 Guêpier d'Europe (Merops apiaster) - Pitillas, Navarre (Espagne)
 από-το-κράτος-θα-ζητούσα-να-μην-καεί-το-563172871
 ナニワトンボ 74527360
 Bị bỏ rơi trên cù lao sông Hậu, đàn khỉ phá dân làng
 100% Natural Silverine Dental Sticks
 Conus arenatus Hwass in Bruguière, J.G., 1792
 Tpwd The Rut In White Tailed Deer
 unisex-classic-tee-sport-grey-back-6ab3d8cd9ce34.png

--

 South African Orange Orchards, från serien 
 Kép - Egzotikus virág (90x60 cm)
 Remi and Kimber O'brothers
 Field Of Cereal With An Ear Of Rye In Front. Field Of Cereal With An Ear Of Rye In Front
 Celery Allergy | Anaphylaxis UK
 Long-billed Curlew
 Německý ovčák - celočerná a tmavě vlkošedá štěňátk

[Your assignment] From the listing above, the lines starting with the one that has "Tpwd The Rut In White Tailed Deer" and running through the one that has "unisex-classic-tee-sport-grey-back-6ab3d8cd9ce34.png" should be copied exactly, ends included.

[Result for this task]
 Tpwd The Rut In White Tailed Deer
 unisex-classic-tee-sport-grey-back-6ab3d8cd9ce34.png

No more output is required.